そんな中、復帰戦から公式戦3試合目の先発出場となった37節、カターレ富山戦。復帰後、初めて立った『ホーム』万博記念競技場の地で、29分、MF倉田はチームを勢いづける先制点を叩き込む。その瞬間、彼のゴールを待ち望んでいたファンも大きな歓声とともにスタンドで揺れた。
「監督も悪いなりに僕を信じて使い続けていてくれたので、それに応えたいと思っていた。ここ数試合を見返しても、身体は動くけどボールに激しくいけなかったり、自分の特徴である“ドリブル”で仕掛けられずにイライラしていたところもあって。自分ではハードワークしているつもりでも、DVDで見返すと、全然思ったようなパフォーマンスをできていないことも多かったですからね。監督や周りの選手もきっとそれを感じていたとは思いますが、だからといって、何かを強く求められたり、怒られたりすることはなくて…だからこそ逆にそういう周りの気持ちを僕自身が察して、とにかく自分に『しっかりやれよ』とプレッシャーをかけ続けてきました。なのでゴールを獲れたのは良かったです。でも…やっぱり今日は勝てたことが一番です。リーグ戦ではここ3試合白星から遠ざかっていただけに、とにかくチームとして結果が出せてよかった。もちろん、ゴールを獲れたことで自分自身もちょっとはすっきりしたので、ここからの残り試合を気持ちよく戦えると思います。」
その言葉にもあるように「ちょっとはすっきりした」とはいえ、本来の自分と比べると全く納得していないからだろう。今季8得点目、実に17試合ぶりのゴールにも、試合後の表情はどこか険しく、笑顔もみられなかった。実際、そんな彼に、富山戦でのパフォーマンスに自らに点数をつけてもらうと「50点」という返事。険しい表情の理由は、その数字にあるようだ。
「今日も攻守両面でもっと激しくいくべきところでいけていなかったり、何より自分から仕掛けていく場面もまだまだ少なかった。そもそも、前半から相手が下がって守備をしていたので仕掛ける場面もそんなになかったとも言えますけど、それが出てくるようになったら本調子に戻ると思うのですが…。また、前線からの守備も物足りないですね。もっと僕のところで潰してボールを奪えればピンチは減るし、チャンスは増えると思うのに、意識はしていてもなかなか流れの中でやり切れていないので。

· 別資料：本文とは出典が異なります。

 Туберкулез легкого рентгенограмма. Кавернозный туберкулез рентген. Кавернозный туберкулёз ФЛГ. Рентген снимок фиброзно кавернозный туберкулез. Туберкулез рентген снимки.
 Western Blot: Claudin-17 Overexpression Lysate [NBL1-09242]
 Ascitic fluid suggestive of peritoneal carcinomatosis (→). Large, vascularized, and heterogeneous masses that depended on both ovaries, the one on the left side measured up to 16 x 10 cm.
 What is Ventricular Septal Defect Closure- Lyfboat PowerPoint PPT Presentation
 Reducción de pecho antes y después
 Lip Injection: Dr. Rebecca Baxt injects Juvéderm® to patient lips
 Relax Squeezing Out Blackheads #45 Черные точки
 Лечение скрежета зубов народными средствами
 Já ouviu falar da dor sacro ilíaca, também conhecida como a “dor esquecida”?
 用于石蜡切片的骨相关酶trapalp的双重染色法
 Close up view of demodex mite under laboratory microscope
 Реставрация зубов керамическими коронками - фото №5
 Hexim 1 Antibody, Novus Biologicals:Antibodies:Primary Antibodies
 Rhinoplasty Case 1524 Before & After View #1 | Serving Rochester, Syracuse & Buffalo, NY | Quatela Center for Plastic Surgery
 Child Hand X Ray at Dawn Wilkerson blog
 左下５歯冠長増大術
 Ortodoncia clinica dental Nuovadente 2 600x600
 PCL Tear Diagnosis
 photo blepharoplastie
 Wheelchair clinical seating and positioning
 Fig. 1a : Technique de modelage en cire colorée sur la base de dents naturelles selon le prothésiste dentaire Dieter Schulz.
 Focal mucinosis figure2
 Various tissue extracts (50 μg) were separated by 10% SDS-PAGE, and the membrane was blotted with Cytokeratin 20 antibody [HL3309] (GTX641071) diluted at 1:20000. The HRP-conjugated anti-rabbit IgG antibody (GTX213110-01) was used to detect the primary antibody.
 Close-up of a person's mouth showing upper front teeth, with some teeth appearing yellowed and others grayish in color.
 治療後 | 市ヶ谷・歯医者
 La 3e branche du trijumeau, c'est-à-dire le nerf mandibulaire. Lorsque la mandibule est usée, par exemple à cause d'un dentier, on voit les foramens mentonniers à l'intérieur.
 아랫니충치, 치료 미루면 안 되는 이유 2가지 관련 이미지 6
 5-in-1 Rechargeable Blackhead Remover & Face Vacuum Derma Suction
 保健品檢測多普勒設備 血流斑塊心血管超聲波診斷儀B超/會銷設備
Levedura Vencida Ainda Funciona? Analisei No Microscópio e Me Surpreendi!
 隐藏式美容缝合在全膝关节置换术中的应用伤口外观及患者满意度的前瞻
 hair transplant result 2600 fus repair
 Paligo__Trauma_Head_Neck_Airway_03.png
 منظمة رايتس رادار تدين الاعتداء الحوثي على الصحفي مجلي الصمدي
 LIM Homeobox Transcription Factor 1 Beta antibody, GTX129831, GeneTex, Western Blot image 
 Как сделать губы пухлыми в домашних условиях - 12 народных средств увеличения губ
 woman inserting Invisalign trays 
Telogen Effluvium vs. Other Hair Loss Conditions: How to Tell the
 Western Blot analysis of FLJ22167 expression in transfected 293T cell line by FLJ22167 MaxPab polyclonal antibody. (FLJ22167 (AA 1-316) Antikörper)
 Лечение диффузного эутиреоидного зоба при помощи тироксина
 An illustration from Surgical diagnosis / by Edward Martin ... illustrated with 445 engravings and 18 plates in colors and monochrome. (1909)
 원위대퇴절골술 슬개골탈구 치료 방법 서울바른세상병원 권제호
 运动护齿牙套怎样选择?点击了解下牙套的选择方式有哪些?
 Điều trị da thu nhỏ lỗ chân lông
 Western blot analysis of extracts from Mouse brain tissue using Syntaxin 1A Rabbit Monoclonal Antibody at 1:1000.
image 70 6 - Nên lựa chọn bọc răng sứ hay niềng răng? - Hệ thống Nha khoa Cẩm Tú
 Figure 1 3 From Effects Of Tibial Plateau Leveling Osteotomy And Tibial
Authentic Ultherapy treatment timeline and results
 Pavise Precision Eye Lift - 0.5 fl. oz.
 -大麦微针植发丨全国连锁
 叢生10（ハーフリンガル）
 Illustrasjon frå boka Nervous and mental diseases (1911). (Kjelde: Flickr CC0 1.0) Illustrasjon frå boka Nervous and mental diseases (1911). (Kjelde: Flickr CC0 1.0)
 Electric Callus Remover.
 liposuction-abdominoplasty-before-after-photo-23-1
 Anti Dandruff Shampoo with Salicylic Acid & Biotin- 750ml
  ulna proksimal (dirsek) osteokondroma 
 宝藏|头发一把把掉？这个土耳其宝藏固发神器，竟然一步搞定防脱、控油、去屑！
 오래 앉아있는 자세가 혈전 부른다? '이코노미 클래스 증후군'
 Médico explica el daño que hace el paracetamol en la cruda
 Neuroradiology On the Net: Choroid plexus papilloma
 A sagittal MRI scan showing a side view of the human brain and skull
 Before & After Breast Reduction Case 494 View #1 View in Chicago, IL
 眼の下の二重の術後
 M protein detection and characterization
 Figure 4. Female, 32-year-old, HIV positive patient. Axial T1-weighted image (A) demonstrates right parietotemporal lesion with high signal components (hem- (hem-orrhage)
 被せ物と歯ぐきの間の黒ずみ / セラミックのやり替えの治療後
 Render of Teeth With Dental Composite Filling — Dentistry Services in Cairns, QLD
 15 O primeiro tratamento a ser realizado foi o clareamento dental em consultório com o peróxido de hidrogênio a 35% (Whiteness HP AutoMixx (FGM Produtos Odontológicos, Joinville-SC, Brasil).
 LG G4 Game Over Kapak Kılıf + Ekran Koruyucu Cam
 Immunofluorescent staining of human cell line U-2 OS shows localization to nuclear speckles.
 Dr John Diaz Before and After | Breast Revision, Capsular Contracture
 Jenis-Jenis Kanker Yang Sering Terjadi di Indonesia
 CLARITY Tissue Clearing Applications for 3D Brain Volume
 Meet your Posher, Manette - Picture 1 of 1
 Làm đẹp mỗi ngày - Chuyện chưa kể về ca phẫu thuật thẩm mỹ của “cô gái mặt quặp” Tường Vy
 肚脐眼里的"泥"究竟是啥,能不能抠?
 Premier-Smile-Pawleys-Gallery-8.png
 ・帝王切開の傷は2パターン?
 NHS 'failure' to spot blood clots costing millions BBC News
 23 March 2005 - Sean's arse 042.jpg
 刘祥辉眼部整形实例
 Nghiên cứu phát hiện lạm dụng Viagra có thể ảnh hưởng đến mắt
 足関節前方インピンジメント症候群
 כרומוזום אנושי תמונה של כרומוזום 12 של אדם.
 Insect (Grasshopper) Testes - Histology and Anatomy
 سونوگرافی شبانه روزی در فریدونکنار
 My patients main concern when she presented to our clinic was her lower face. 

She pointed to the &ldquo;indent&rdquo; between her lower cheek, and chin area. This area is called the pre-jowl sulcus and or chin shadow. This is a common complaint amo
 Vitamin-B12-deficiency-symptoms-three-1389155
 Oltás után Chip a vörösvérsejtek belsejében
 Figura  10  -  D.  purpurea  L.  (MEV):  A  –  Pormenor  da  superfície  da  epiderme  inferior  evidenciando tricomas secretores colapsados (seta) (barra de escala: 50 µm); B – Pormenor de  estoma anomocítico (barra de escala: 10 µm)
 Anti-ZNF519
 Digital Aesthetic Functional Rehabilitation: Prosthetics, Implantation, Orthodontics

ただ、これはもう練習を重ねて、試合を重ねていくしかないですから。残り5試合しかないけど、自分にハッパをかけて、とにかくチームのためにしっかり戦いたいと思います。」
とはいえ、繰り返しになるが、試合を重ねるごとに明らかにパフォーマンスは向上している。富山戦でみれば、ともに前線を構成したMF遠藤保仁やMF宇佐美貴史、MF大森晃太郎らとのコンビネーションも決して悪くはなく、先に書いたゴールシーンも含めて、攻撃に絡む回数も増えている。もちろん、圧倒的な存在感を示し続けてきた今季の前半戦に比べれば、物足りなさはある。だが、もはやガンバ大阪の攻撃に、彼が必要不可欠なのも事実だろう。
だからこそーー。
彼が苦しみながら待ち望み、そして、つかみ取った『ゴール』が、残り試合を戦う上で、彼をより輝かせ、G大阪の攻撃力をより加速させると信じている。